He did manage, thankfully, and quite a few moments passed in near silence as the pair of them wandered through the gallery, slowly widening the gap between the actual invited guests and themselves.

"He seems rather entertaining," an accented voice at her elbow said as Myka blinked back to reality, eyes coming to focus not on the painting she had been viewing but on a beautiful woman in a crimson dress. 

"Yes, yes he is," Myka agreed, turning to face the woman, mouth suddenly dry as she takes in pale skin, dark, glossy hair, and a perfect figure. 

"I saw you arrive," the brunette continues, taking the briefest glance back at Pete before locking her attention on Myka. "It's good to see two people in love, and yet I'm confused. You don't have a ring on your finger and neither does he. Has he not asked you to marry him?"

Myka can only gape at her. There were so many things wrong with the woman's statement (firstly her assumption that she and Pete were a couple) that she hardly knew where to begin. "I - excuse me, who are you?" she managed to stutter out after a long pause.

"My question first," the woman said with a brilliant, but sly, smile. The British accent curls around the words and Myka can pretty much feel herself losing a battle of wills that she didn't even know she was playing.

"Champagne?" Myka deflects, gratefully snagging a flute off one of the trays as it passed. Evidently there were now enough people on the outskirts of the gathering for the catering staff to be roaming around close by and their timing gives Myka, who is growing more flustered by the moment, a convenient reprieve.

"Never drink and you never lose your head," the woman shoots back with a toss of her head, the expression on her face growing slightly more predatory as if she can sense that Myka is almost entirely out of her depth. She honestly can't say that she's ever really had to field these sorts of questions about her friendship with Pete; mostly everyone who knew them enough to ask would also know them enough to know the answer. "Now, why?"
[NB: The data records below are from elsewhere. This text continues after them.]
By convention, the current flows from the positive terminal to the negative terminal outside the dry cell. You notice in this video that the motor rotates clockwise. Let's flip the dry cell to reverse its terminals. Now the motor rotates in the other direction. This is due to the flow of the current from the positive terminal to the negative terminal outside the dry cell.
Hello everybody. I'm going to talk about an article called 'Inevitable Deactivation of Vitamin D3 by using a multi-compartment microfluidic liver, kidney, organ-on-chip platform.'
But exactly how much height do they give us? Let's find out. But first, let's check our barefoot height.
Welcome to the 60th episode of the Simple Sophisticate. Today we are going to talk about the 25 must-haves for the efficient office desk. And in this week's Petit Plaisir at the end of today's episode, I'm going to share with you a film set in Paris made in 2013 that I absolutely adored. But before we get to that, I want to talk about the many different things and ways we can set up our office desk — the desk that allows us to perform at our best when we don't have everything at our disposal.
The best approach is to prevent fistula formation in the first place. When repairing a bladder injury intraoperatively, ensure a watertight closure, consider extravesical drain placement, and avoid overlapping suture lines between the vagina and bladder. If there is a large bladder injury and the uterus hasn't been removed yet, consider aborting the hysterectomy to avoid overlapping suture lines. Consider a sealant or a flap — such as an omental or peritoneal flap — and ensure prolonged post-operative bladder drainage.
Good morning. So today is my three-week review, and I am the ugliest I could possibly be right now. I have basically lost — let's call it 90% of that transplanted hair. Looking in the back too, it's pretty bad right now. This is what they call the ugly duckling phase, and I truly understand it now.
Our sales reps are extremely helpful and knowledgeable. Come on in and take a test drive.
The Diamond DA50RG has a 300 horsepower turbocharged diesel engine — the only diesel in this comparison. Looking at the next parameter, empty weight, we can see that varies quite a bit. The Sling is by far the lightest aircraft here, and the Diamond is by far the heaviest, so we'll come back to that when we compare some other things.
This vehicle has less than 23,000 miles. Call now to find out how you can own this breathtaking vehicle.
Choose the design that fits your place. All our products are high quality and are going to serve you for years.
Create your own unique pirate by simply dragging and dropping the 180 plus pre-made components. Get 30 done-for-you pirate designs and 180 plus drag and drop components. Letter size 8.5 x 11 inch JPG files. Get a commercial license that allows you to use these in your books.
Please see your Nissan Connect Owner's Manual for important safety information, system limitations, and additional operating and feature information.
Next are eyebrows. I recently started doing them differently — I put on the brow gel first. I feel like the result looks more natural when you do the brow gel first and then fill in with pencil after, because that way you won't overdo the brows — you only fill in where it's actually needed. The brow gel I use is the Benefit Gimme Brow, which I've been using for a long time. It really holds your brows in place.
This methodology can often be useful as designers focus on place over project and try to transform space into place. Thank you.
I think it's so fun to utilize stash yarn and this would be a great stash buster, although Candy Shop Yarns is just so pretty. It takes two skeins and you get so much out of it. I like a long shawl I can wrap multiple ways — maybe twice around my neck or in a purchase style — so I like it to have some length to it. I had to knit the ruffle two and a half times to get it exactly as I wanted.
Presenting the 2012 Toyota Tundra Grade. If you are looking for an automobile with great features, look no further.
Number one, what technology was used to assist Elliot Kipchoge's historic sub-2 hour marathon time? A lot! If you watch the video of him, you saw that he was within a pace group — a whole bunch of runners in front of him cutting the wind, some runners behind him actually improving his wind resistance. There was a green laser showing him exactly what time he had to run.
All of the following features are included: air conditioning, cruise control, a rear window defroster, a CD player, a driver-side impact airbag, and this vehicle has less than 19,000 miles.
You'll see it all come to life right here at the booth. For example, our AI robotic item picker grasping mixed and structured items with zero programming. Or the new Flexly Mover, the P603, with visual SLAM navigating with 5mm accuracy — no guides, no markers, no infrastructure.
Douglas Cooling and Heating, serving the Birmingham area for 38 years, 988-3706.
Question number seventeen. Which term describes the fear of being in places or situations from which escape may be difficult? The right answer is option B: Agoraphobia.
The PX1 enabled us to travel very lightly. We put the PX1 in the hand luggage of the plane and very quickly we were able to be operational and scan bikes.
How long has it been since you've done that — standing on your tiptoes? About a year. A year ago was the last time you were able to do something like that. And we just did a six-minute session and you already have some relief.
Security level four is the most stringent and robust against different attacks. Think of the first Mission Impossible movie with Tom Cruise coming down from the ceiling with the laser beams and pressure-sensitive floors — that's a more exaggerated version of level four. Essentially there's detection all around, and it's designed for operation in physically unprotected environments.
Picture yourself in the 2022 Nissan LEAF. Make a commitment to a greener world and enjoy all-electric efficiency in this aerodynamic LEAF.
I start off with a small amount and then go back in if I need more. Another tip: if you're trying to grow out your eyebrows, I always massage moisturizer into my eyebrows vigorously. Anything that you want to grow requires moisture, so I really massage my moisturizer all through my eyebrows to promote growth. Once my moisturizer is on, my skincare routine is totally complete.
"I don't think I'm the right woman for him," she settles on eventually, because that's also true. Pete deserves to be with someone who loves him as more than just a brother and there are so many things about her, about him, about them, that just don't fit together at all. It's a rather general response, but it's also the one that seems to cover all of the bases.

"Nothing in life is ever certain, especially not love."

"It's a long story," Myka informs her, knowing that it would take more than just a quick second to explain to a total stranger all of the ways that Myka and Pete just simply do not work together as a couple.

"When you're in love you feel like you have all the time in the world, but trust me, you don't. If you have a chance at love, Ms. Smith," and Myka flushes a hot, bright red as she remembers that she and Pete are supposed to be pretending they're married and yet there she is telling a total stranger about the long story of why they aren't, "you shouldn't let it pass you by." She turns as if to go and suddenly Myka, who had been feeling rather badgered before then, was reaching out to grasp an elbow, just below the off the shoulder sleeve of the red gown that Myka was trying not to be mesmerized by.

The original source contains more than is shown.